Terug naar onze nucleaire black points. Er zijn wel eens een paar nucleaire experts naar ondermeer Kirgizië gestuurd, maar de nucleaire sector heeft hier nooit echt aandacht aan besteed. Terwijl ze wel kunnen als ze willen. Terwijl je in deze sector echt wel doorzetters hebt. Meer dan tien jaar heeft de nucleaire sector gelobbyd om buitenlands radioactief afval te mogen invoeren om het hier te verwerken. Dat brengt geld op. En nu is het eindelijk prijs: Belgoprocess kreeg groen licht van de federale regering om 120 ton uit Duitsland in te voeren. Mooi contract. Gaat om veel meer geld dan dat contractje van de VN in de Ferganavallei. Werd hierover een parlementair debat gehouden? Neen. Meer nog, niemand vond het zelfs de moeite om dit officieel mee te delen. We vernamen het via “een lek in de pers”. Maar u hoeft zich geen zorgen te maken over uw veiligheid, beste lezer, er zijn geen veiligheidsrisico’s, zeggen alle experts. Dat afval wordt even verwerkt en keert dan terug naar Duitsland. In 1988 zette een groot internationaal schandaal met nucleair afval België en Duitsland op hun kop. De Kamer richtte zelfs een parlementaire onderzoekscommissie op. Maar dat is vergeten en vergeven en “de situatie vandaag is helemaal niet te vergelijken met die van toen”, hoor ik onze ministers al antwoorden.
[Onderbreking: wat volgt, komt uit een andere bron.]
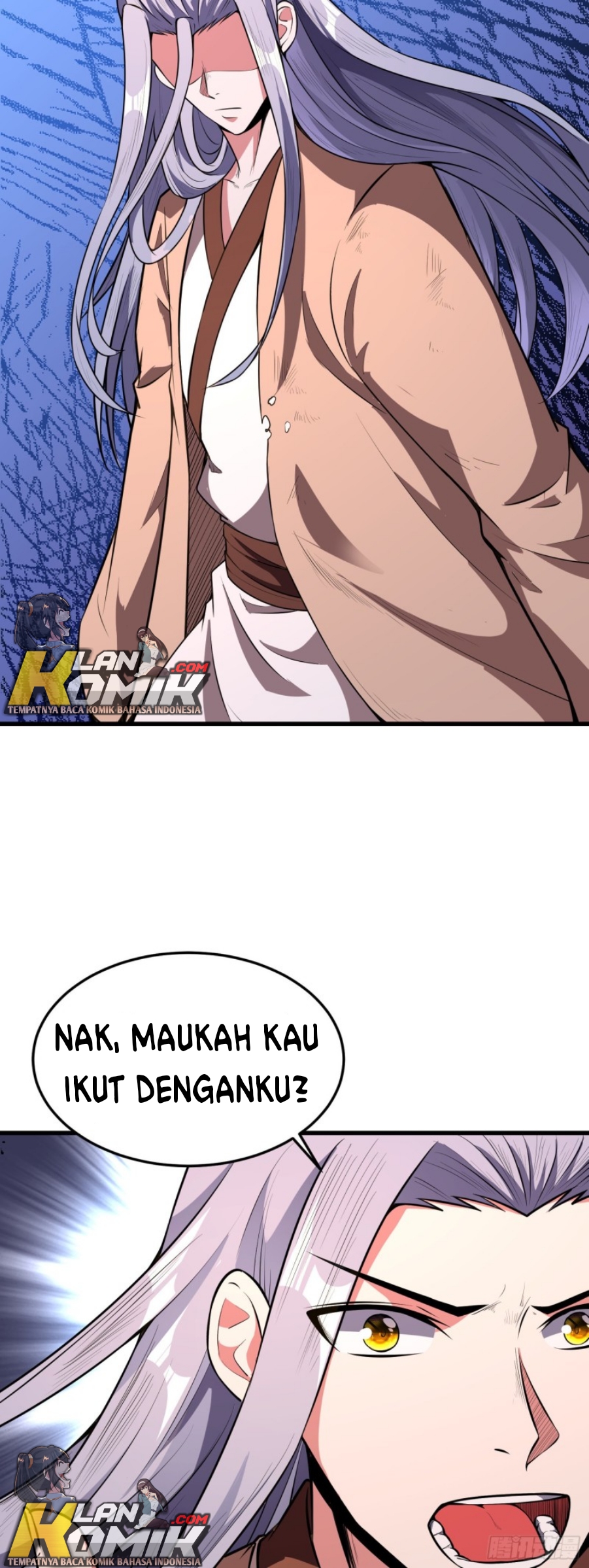 My Son In Brother Chapter 6 - halaman 11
Dat ons land straks de draaischijf kan worden van nucleaire afvalstromen in Europa is geen punt voor hen. Vertrouw de experts. 
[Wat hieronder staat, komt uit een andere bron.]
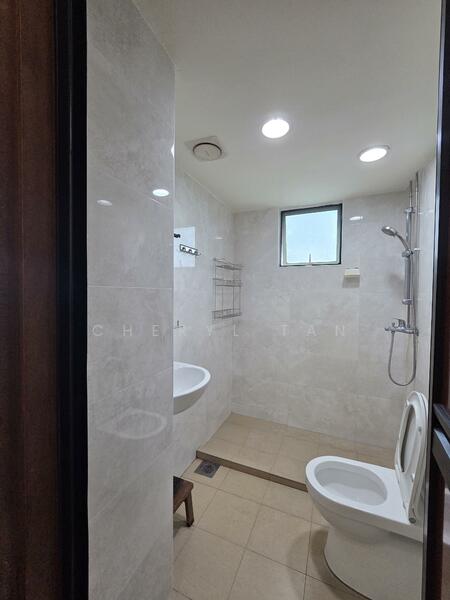 For Rent - Hougang Green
Een sleutelelement om dat laatste te begrijpen dook onlangs op in een opiniestuk van Filip Van den Abeele, expert wetenschap bij de VRT (31 maart, De Morgen). Hij schreef dat elektriciteitsproducenten de risico’s van een kerncentrale berekenen “en de maatschappij moet daarmee leren leven.” Al de rest deed hij af als “emotie”. Ik dacht even dat De Morgen een tekst uit de jaren ’50 gepubliceerd had. Toen de ingenieurs en wetenschappers in deze sector carte blanche kregen. Moet onze samenleving het aan wetenschappers en ingenieurs overlaten welke risico’s we aanvaarden en welke niet? Heeft de democratie zich niet uit te spreken over technologische ontwikkelingen? Natuurlijk hebben ingenieurs en wetenschappers hun stem in deze debatten, maar waarom ethici of artsen niet? Een samenleving beslist over fundamentele en verstrekkende keuzes als kernenergie toch maar na een rijk debat en participatie van alle betrokkenen? Is die vraag ingegeven door emotie? Of door democratische burgerzin? 
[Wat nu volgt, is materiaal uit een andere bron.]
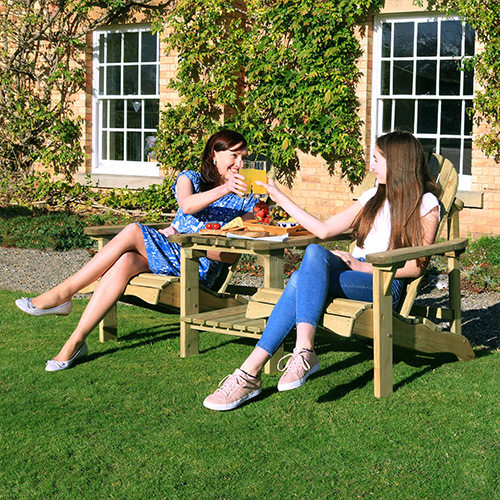 Lily Relax Range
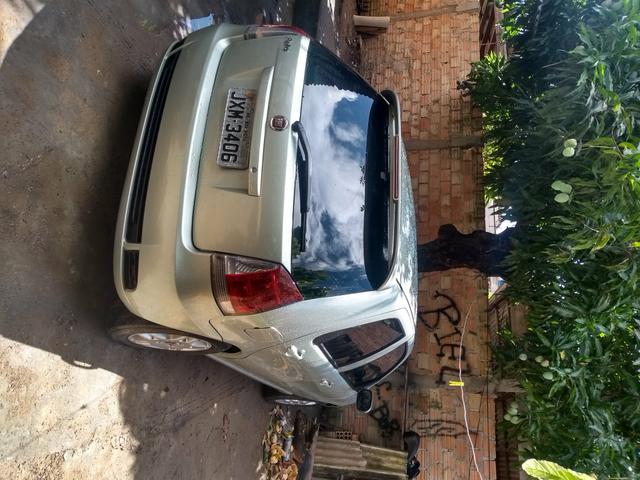 Vendo Palio ELX 1.4 - Foto 3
Terwijl de nucleaire sector straks zijn omzet ziet stijgen dankzij de verwerking van Duits radioactief afval, blijven er in de Ferganavallei kinderen spelen op nucleaire storten. Daar word ik intriest van, en boos. Maar dit soort emoties zijn volgens onze nucleaire experts misplaatst en niet terzake.

Luc Barbé
Auteur van het internetboek “Kernenergie in de Wetstraat”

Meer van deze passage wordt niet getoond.